Historical Context
The Chapel is the last of 80 Nissen huts built during the Second World War by the USAAF and opened in 1941 as a military hospital. Initially the 77th Station hospital, renamed 231st USAAF station hospital in 1944 served 15 Heavy Bomber bases, a fighter group, Engineers and Quartermaster and Ordnance troops, approximately 60,000 service personnel, as part of the USAAF Eighth Airforce. The doctors at the hospital pioneered new treatments using antibiotics and it was one of the few US military hospitals to treat white and black soldiers in mixed wards. Following D-Day on 6th June 1944, the hospital expanded its capacity from 834 to 1254 beds to accommodate casualties returning from Normandy. Hospital trains brought casualties to Wymondham railway station and they were brought to the hospital by a fleet of military ambulances.

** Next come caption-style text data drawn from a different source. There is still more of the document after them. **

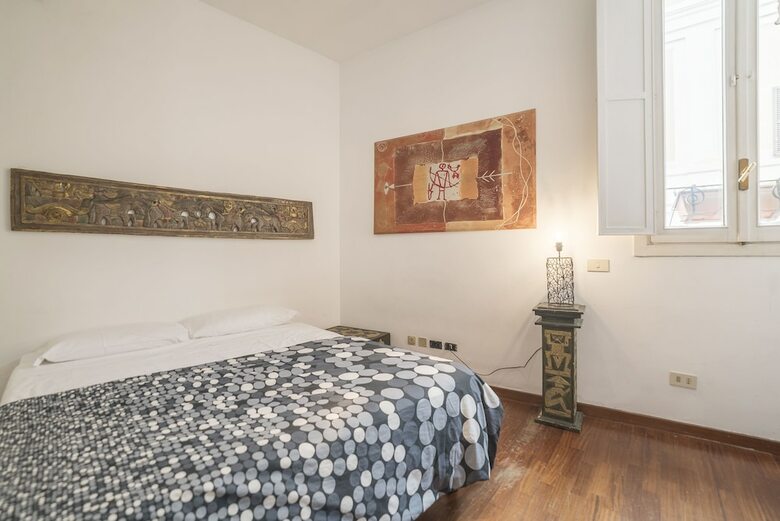 Quirinale Apartments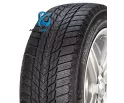 WH43 WinGuard Ice Plus 235/50R18 97T Nexen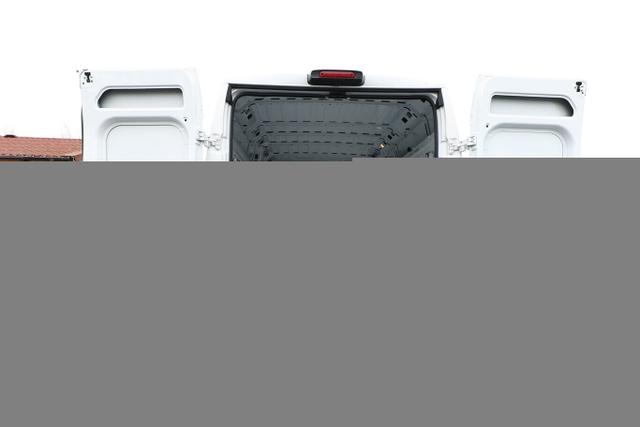 Movano 35 AUT L4H2 Heavy Kam HFT270 PDC NSW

The motto of the hospital was ‘The patient comes first.’
In 1950, Dr Lincoln Ralphs (latterly Sir Lincoln Ralphs), as Norfolk’s Chief Education Officer, persuaded the Education Committee under Alderman Sam Peel, to buy the site to support his vision of creating a state boarding school with the highest academic standards and widest possible opportunities for its students. Wymondham College opened in 1951 and we continue to stay true to our motto ‘Floreat Sapientia’ – ‘Let Wisdom Flourish’.